IOW, the USAF bombings are not going to eliminate the ISIS terrorists any time soon.

Obama's essentially like the cop that shows up to the scene of a head on collision to hand out speeding tickets, except he poses for photo ops.


----------



## JakeStarkey (Aug 8, 2014)

Well, we see the crazies from the oilies, the neo-cons, and the social cons holding a circle jerk.

Pathetic.


----------



## B. Kidd (Aug 8, 2014)

JakeStarkey said:


> Well, we see the crazies from the oilies, the neo-cons, and the social cons holding a circle jerk.
> 
> Pathetic.




BTW, thanx for holding our dicks!..........


----------



## JakeStarkey (Aug 8, 2014)

kidd, the wackies from the far right's turn is over: you lost 128 of 131 primaries

Sux to be you guys.


----------



## dilloduck (Aug 8, 2014)

JakeStarkey said:


> Well, we see the crazies from the oilies, the neo-cons, and the social cons holding a circle jerk.
> 
> Pathetic.



Hell Obama made them all happy by saving the oil fields and pipelines  !!  Never thought I'd live to see the day.

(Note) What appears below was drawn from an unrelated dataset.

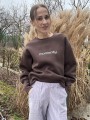 Brązowa bluza damska oversize — stylizacja codzienna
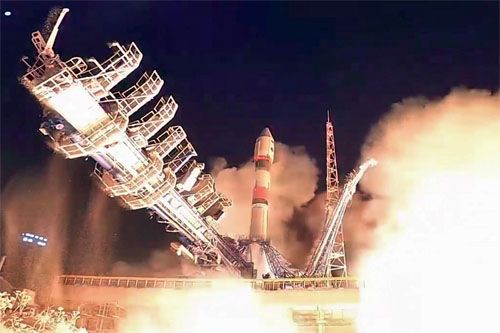 Rakieta nośna Sojuz-2.1b z wojskowym satelitą rozpoznania optoelektronicznego Razdan 1 startuje z kosmodromu w Plesiecku, 25 listopada 2023, 23:58 czasu moskiewskiego / Zdjęcie: MO FR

How ya feeling about a liberal fighting for oil ? ( They may have had to twist Obama's arm on this one tho )


----------



## Samson (Aug 8, 2014)

dilloduck said:


> JakeStarkey said:
> 
> 
> > Well, we see the crazies from the oilies, the neo-cons, and the social cons holding a circle jerk.
> ...



Democratic Senators convinced him to stop playing while Iraq burned long enough to create a plausible reason for them to invite him to their election fund raisers before his popularity completely tanks.


----------



## Samson (Aug 8, 2014)

JakeStarkey said:


> Well, we see the crazies from the oilies, the neo-cons, and the social cons holding a circle jerk.
> 
> Pathetic.



Newsflash:

Watching you jerk off alone isn't much less pathetic.


----------



## Bleipriester (Aug 13, 2014)

According to the Pentagon the U.S Airforce carries between 50 and 60 attack and support flights out per day.


----------